**Task requirements:** Please set down only the lines from the one containing "Another approach that" through the end of the entries below, exactly, minus any pictures.

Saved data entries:
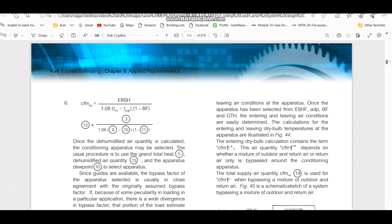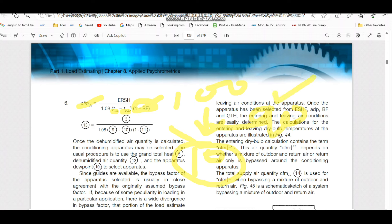As shown in the Carrier handbook, to find the exact CFM for the room: ERSH ÷ [1.08 × (T_room − T_ADP) × (1 − BF)]. Here, 1 − BF is the contact factor. For example, with 100% supply air going to the cooling coil and 10% bypass, the remaining 90% contacts the coil — that is the contact factor. So 10% is the bypass factor and 90% is the contact factor, and we need to apply the contact factor in the formula.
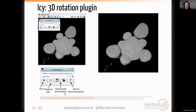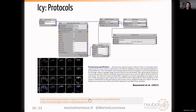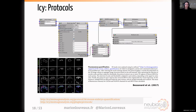Besides plugins, you can write protocols — combinations of blocks. I'll show more details in the second part on how to make a protocol. Some of these blocks correspond to plugins; for instance, this one corresponds to the spot detector plugin. Other blocks are for intermediate steps like extracting a channel, modifying ROIs, or computing features. This particular protocol has been published in 2017 and is on our website, so you can download and reuse it.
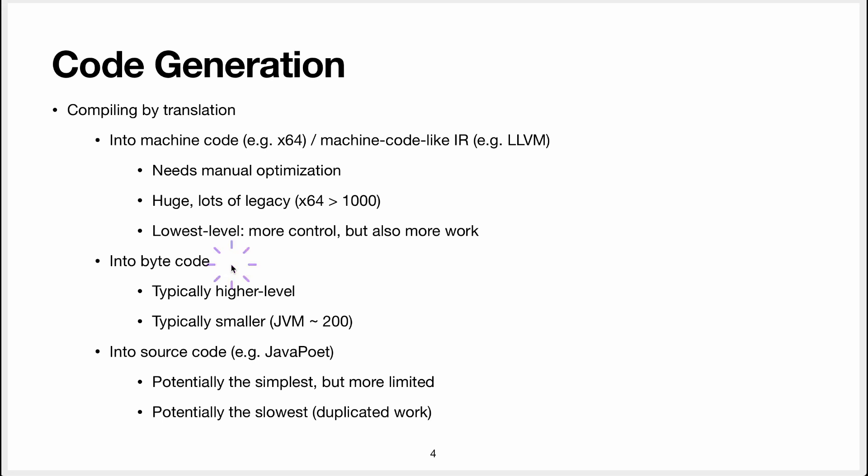Another approach that you can take is to generate bytecode and that's what we're doing here. The point of the bytecode is that it's typically higher level. It gives you a higher level primitive to work with. We're going to see Java bytecode so you will see what I mean there.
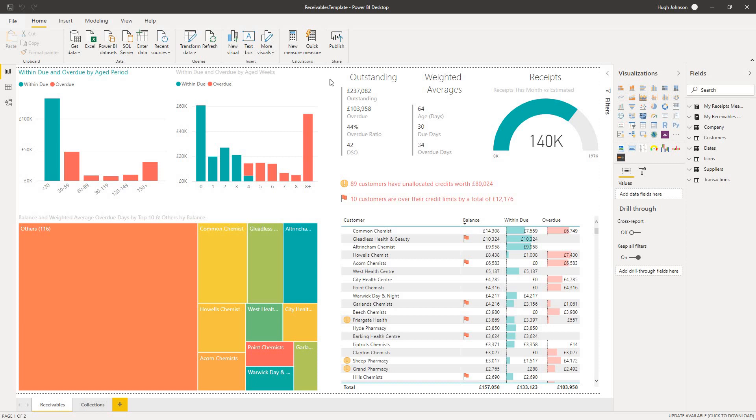And on top of that, we've built this accounts receivable template that you can use as is or customize to meet your own particular needs. Let's take a look. It's a relatively simple two-page report, but it's actually packed with information. As I say, sitting behind this is standard Sage 50 accounts data.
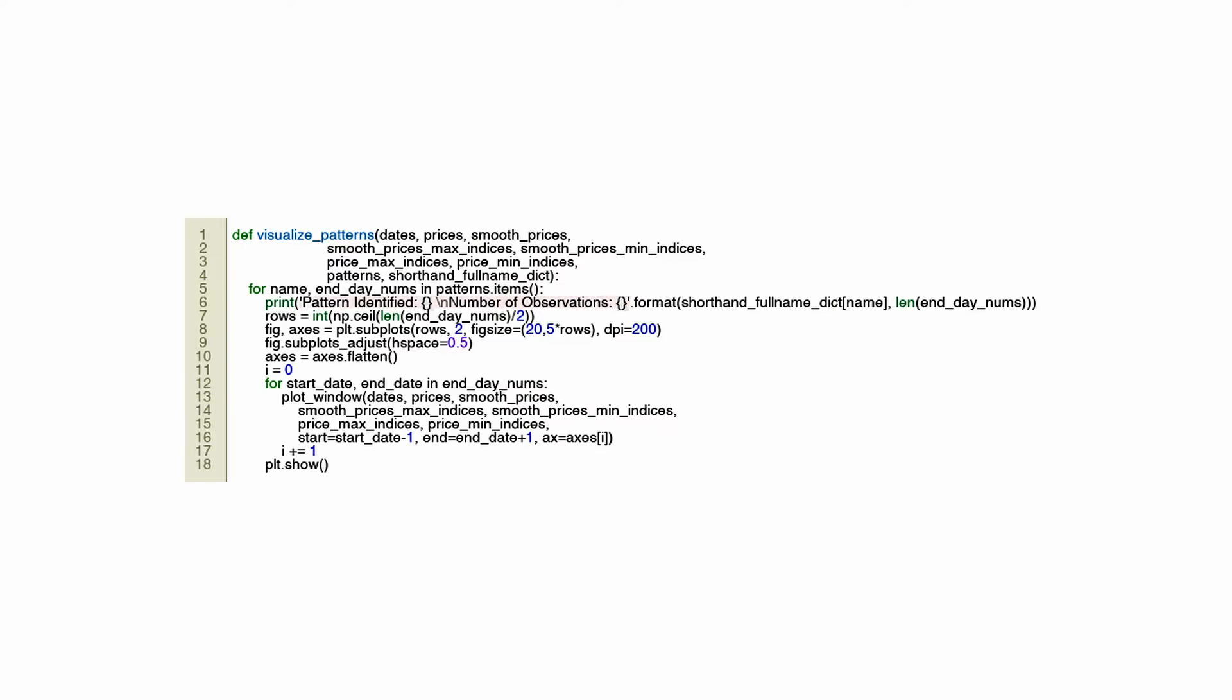Financial trading data can be visualized using the provided Python function. Using historical trends and patterns, it can be used to make decisions based on historical patterns and to analyze and plot price data. The function takes several arguments including actual and smoothed price data, local maxima and minima indices, a collection of identified patterns along with a dictionary that maps shorthand pattern names to full descriptions. This function prints out the name of the pattern and how often it occurred for each pattern identified in the data. This function creates a graphic display of these patterns using subplots.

**Solution to this exercise:**
Another approach that you can take is to generate bytecode and that's what we're doing here. The point of the bytecode is that it's typically higher level. It gives you a higher level primitive to work with. We're going to see Java bytecode so you will see what I mean there.
And on top of that, we've built this accounts receivable template that you can use as is or customize to meet your own particular needs. Let's take a look. It's a relatively simple two-page report, but it's actually packed with information. As I say, sitting behind this is standard Sage 50 accounts data.
Financial trading data can be visualized using the provided Python function. Using historical trends and patterns, it can be used to make decisions based on historical patterns and to analyze and plot price data. The function takes several arguments including actual and smoothed price data, local maxima and minima indices, a collection of identified patterns along with a dictionary that maps shorthand pattern names to full descriptions. This function prints out the name of the pattern and how often it occurred for each pattern identified in the data. This function creates a graphic display of these patterns using subplots.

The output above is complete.